• Instructions to follow
Only the lines below from the one containing "Rector de la" through the one containing "志遠の雑誌のモデル撮影風景「TERRACE HOUSE TOKYO" belong in the answer, repeated exactly and without pictures.

• Dataset content
[Start of Attachment]

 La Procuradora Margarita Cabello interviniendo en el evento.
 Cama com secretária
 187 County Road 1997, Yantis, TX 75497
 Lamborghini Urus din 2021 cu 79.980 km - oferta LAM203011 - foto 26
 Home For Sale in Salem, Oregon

[End of Attachment]
[Start of Attachment]

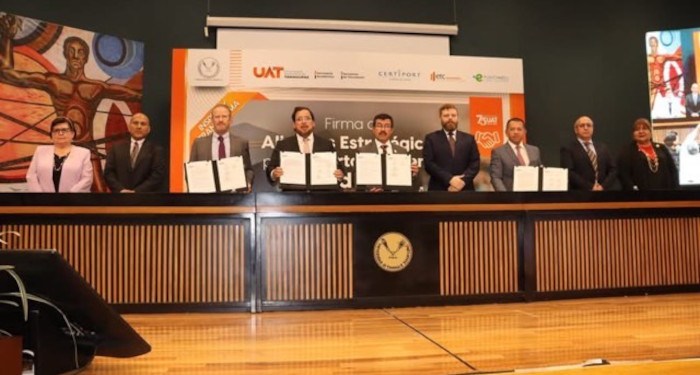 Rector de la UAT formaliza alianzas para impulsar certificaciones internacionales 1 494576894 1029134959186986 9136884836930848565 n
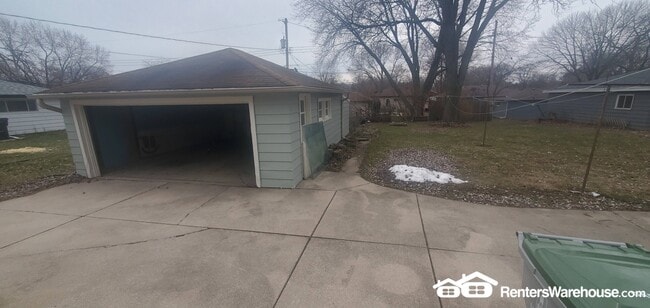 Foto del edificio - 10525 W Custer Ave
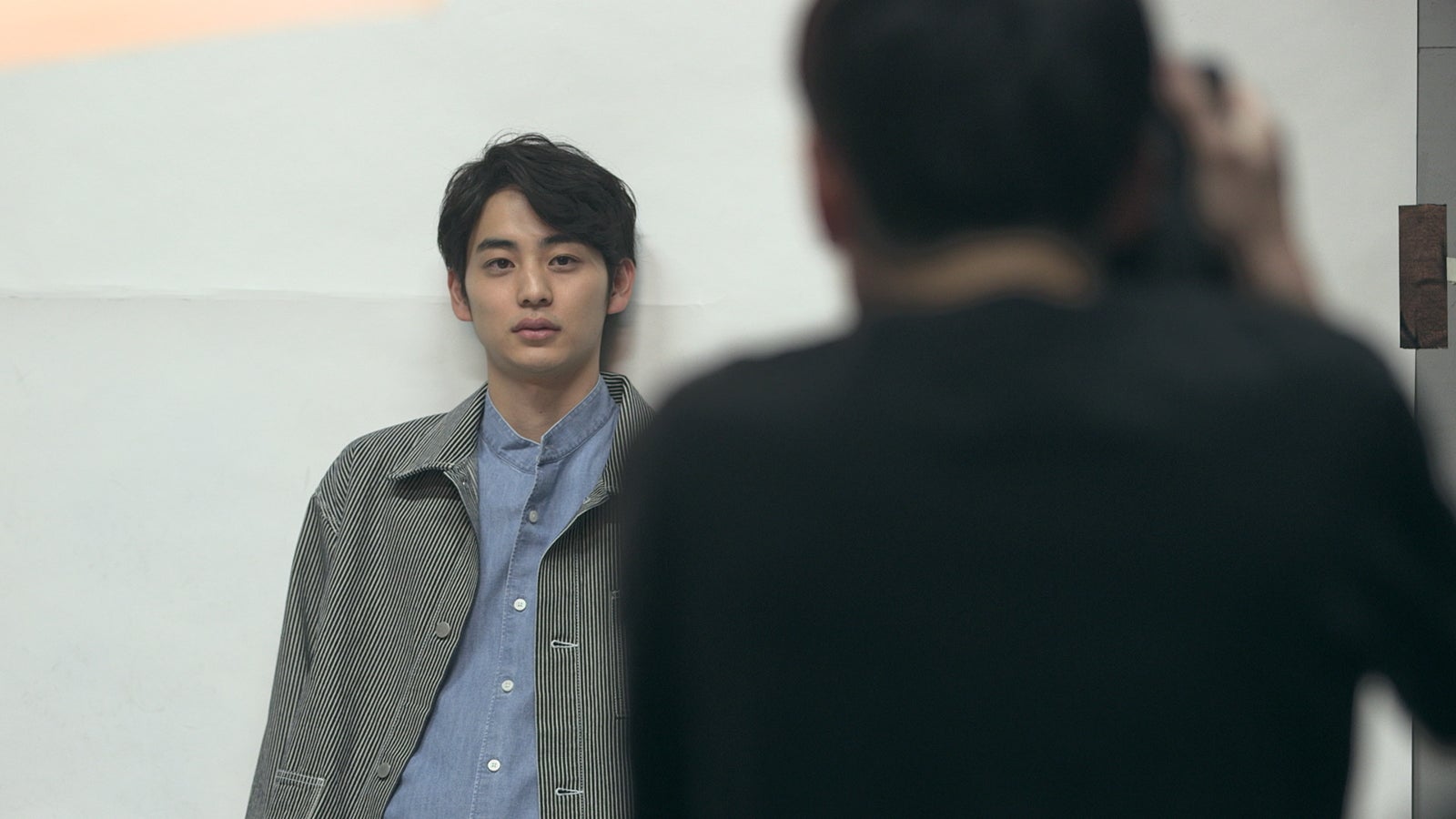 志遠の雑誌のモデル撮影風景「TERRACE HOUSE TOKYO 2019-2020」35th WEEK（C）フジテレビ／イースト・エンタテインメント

[End of Attachment]
[Start of Attachment]

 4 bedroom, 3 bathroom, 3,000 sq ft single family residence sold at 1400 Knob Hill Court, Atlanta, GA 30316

[End of Attachment]

• Exercise answer
 Rector de la UAT formaliza alianzas para impulsar certificaciones internacionales 1 494576894 1029134959186986 9136884836930848565 n
 Foto del edificio - 10525 W Custer Ave
 志遠の雑誌のモデル撮影風景「TERRACE HOUSE TOKYO 2019-2020」35th WEEK（C）フジテレビ／イースト・エンタテインメント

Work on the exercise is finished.